まだ55歳で働き盛りなのに、突然倒れて救急車で病院に運ばれ、緊急手術を受けました。

今はリハビリ病院でリハビリに励んでいますが、なかなか改善はしていきません。

話すのにも苦労しています。

リハビリ病院で障害年金のことを聞いたのですが、障害年金のことを初めて知ったので何もわかりません。

障害年金をもらえますか。

脳卒中とは脳の血管に障害がおきることで生じる疾患の総称であり、脳の血管が詰まる「脳梗塞」、脳内の細い血管が破れて出血する「脳出血」、脳の表面の血管にできたコブ(脳動脈瘤)が破れる「くも膜下出血」があります。

脳卒中を含む脳血管疾患で通院している患者数は 118 万人と推計されており、弊所でも大変ご相談の多い傷病です。

参照元:厚生労働省 脳卒中に関する留意事項

脳出血、脳梗塞、くも膜下出血の後遺症は、障害年金の認定の対象とされているので基準を満たせば受給できます。

障害年金は、病気やけがによって生活や仕事などが制限されるようになった場合に、現役世代の方も含めて受け取ることができる年金です。

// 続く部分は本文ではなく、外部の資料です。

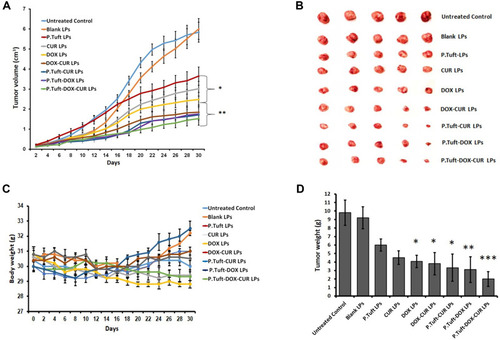 Figure 7 The in vivo effects different kinds of LPs in EAC tumor-bearing mice.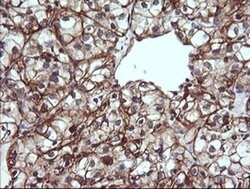 TRIM38 Monoclonal Antibody (OTI14B4), TrueMAB , OriGene 100 &mu;L; Unconjugated:Antibodies,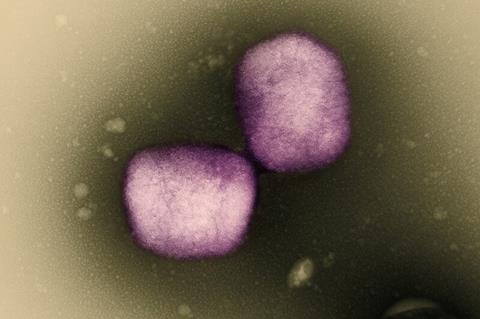 Mpox_Virus_-_53858992909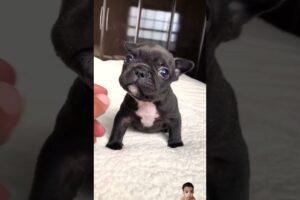 Guta is the cutest puppy🥹 #frenchbulldog #shorts #reelsviral #reels #viralvideo #reelsvideo #virals
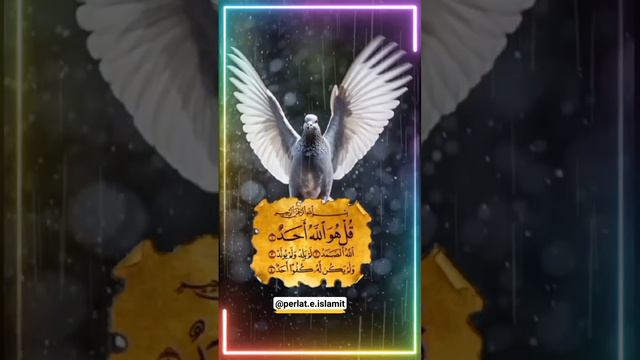 Sure Ihlas 🌸 #subscribe #fejaislame #viral #islam #muslim #allah #muhammed #allahuakbar смотреть онлайн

障害年金には、「障害基礎年金」と「障害厚生年金」があります。

種類 対象となる人
障害基礎年金 「初診日」に国民年金に加入していた人
障害厚生年金 「初診日」が厚生年金保険加入中にある人

※「初診日」とは、「病気やけがについて初めて医師の診療を受けた日」を指します

自営業者、フリーランス、専業主婦、無職の方は、障害基礎年金の対象となります。

障害の状態の前に、請求の条件を確認しましょう

障害年金を請求するためには以下の要件を満たしていることが前提となります。

このふたつの要件を満たしていれば、障害年金を請求することができ、障害の状態が基準に該当しているかどうか、審査を受けることができます。

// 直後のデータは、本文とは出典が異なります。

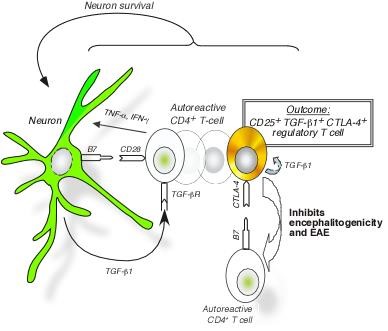 Figure 2. Neurons, via expression of TGFβ and B7, convert pathogenic T lymphocytes in the brain into anti-inflammatory cells, called FoxP3+ regulatory T cells, which prevent MS-like disease (EAE) (Liu et al., Nature Medicine 2006). Highlighted in News & Views by Fujinami (Nature Medicine 2006).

審査の結果、基準に該当すると判断されれば、障害年金を受給することができます。

では、脳出血、脳梗塞、くも膜下出血での障害年金の請求について、詳しくみていきましょう。

ここでは「肢体の障害」について記載します。

※高次脳機能障害についてはこちら

※言語の障害についてはこちら

どのような状態なら障害年金を受給できるか

障害年金では、ケガや病気の程度に応じて等級が設定されています。

▼障害基礎年金
1級と2級

▼障害厚生年金
1級、2級、3級

障害が重い順に、1級、2級、3級となります。

1級、2級、3級の状態は、以下の通りとなっています。

障害年金の等級 障害の状態
3級
※障害厚生年金のみ
労働に著しい制限があるもの
2級 日常生活に著しい制限があるもの
1級 他人の介助がなければほとんど自分の用事を済ませることができないもの
障害年金の受給額は以下の通りです。
障害等級 障害基礎年金 障害厚生年金
1級 年1,039,625円 年1,039,625円+報酬比例の年金額×1.25
2級 年831,700円 年831,700円+報酬比例の年金額
3級 報酬比例の年金額(最低保障額623,800円)

障害年金だけで悠々自適ではありませんが、受給できれば、日常生活に大きな助けとなるでしょう

このページの最後の方に弊所で手伝って受給できた事例を掲載していますので、そちらもご確認ください。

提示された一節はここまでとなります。